For example, Chinese (Han) do not recognized the minority nationalities within the present border of China as “nations”, but refer to them by terms such as zhongzu (race) or zongzu (clan or branch), and use categories such as “Chinese” (Zhongguo ren), in which they include many ethnic groups –all of which they include within the “Chinese nation” (Zhonghua minzu). The term minzu does not have a “political”. connotation, but only a “cultural” one and this is recognized by the present regime in Chine as autonomous regions inhabited by non-Han Chinese (Jagchid 1979:234-36). The People’s Republic of China (PRC) regard itself unified multi-ethnic country. This policy denies the national identity of minority nationalities and regards them as simple “ethnic groups” or “national minorities” within the Chinese State. Thus, the only relevant aspect of the nationalities question in the eye of the Chinese government is relations between the different “Chinese nationalities.”
Unlike the Soviet Union that granted “republic” status to larger national group (which these republics used as the basis for independence during the disintegration of the USSR), the PRC only recognizes the “cultural independence” of the various minority nationalities within autonomous regions directly under the central government. This artificial separation of political and ethnic/cultural domains has bedeviled the Chinese communist regime and will continue to do so as the non-Chinese population of China seeks to reconcile their sense of “nation” with independent territorial states. Unlike the Soviet Union that, at least in principle, recognized the right of self-determination, the People’s Republic of China has never, since it was established, recognized the aspirations for national independence or the right of secession of the non-Chinese nationalities currently under the control of Beijing. Beijing has shown no patience with such movements, as was clearly proved in Tibet, Inner Mongolia and Xinjiang in recent years (Crackdown 1991; Straits Time July 10, 1990). This same policy continues today, but since September 11, 2001, it is carried out under the guise of global war on “terrorism.”

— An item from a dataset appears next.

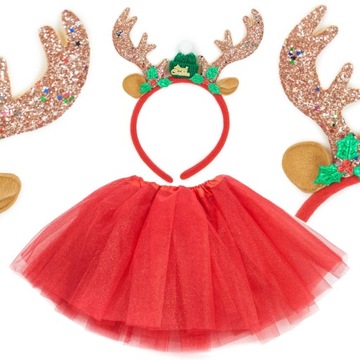 ZESTAW JELONEK ŚWĘTA SPÓDNICZKA TUTU 30cm RENIFER
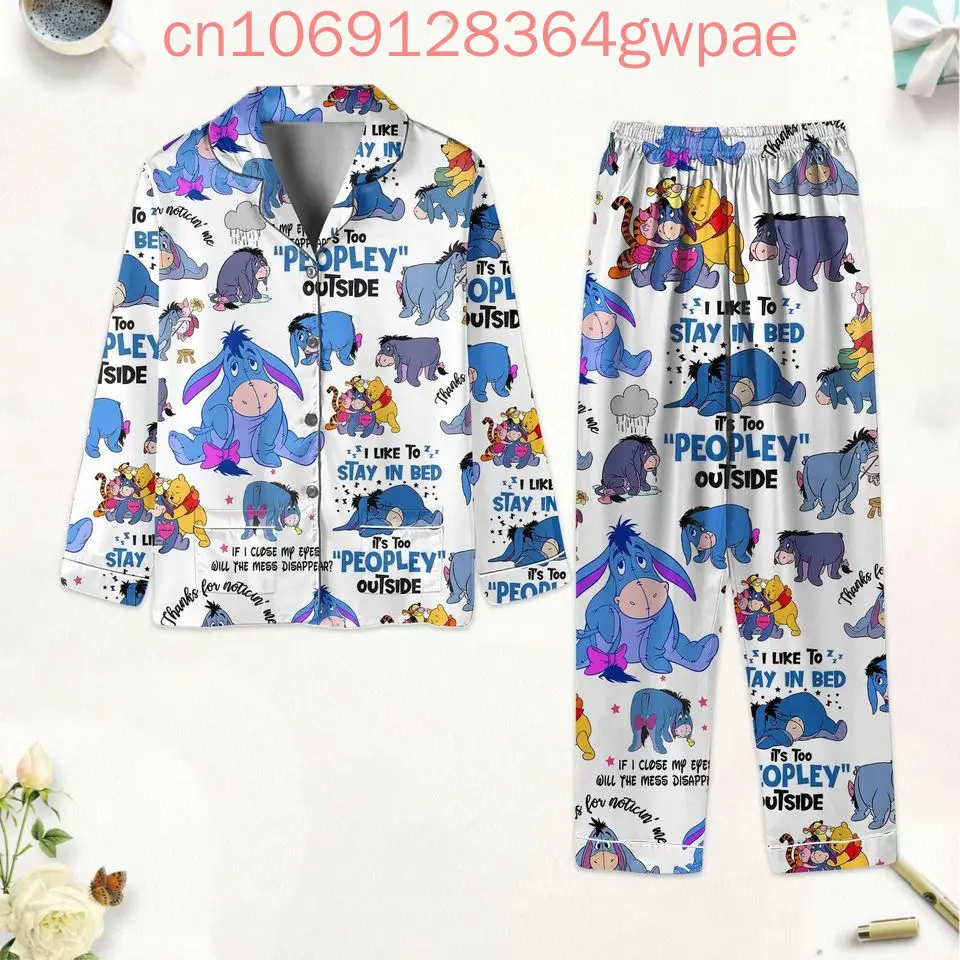 Disney Eeyore Pajama Set Winnie the Pooh Christmas Casual Men's and Women's Long Sleeve Shirt Leisure Pajama Set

National Self-Determination
I will narrow the following discussion by focusing on one aspect of the nationalities question in China, namely the right of national self-determination. Sun Yat-sen, Chiang Kai-shek, and Mao Zedong’s views on the nationalities question are strikingly similar. Close analysis reveals an underlying Sino-centricism and idealism regarding the nationalities question that is deeply rooted in China’s cultural and historical traditions.
Initially Sun Yat-sen held a Sino-centric view, but later supported the principle of national self-determination. Sun claimed China was a united nation inhabited by one people. He asserted that “China, since the Ch’in [Qin] and Han dynasties, has been developing a single state out of a single race,” and that eventually “all names of individual people inhabiting China” would die out, thus uniting all minority nationalities with the Han in a “single cultural and political whole” (Sun 1929:6; Sun 1970:181-82). Following the revolution in 1911, the Nationalist government adopted policies that reflected Sun Yat-sen’s assimilationist views and they strongly opposed independence movements. Sun advocated a government-sponsored migration plan to transfer Han from Southeast China to the sparsely populated Northwest (Chang and Gordon 1991:44).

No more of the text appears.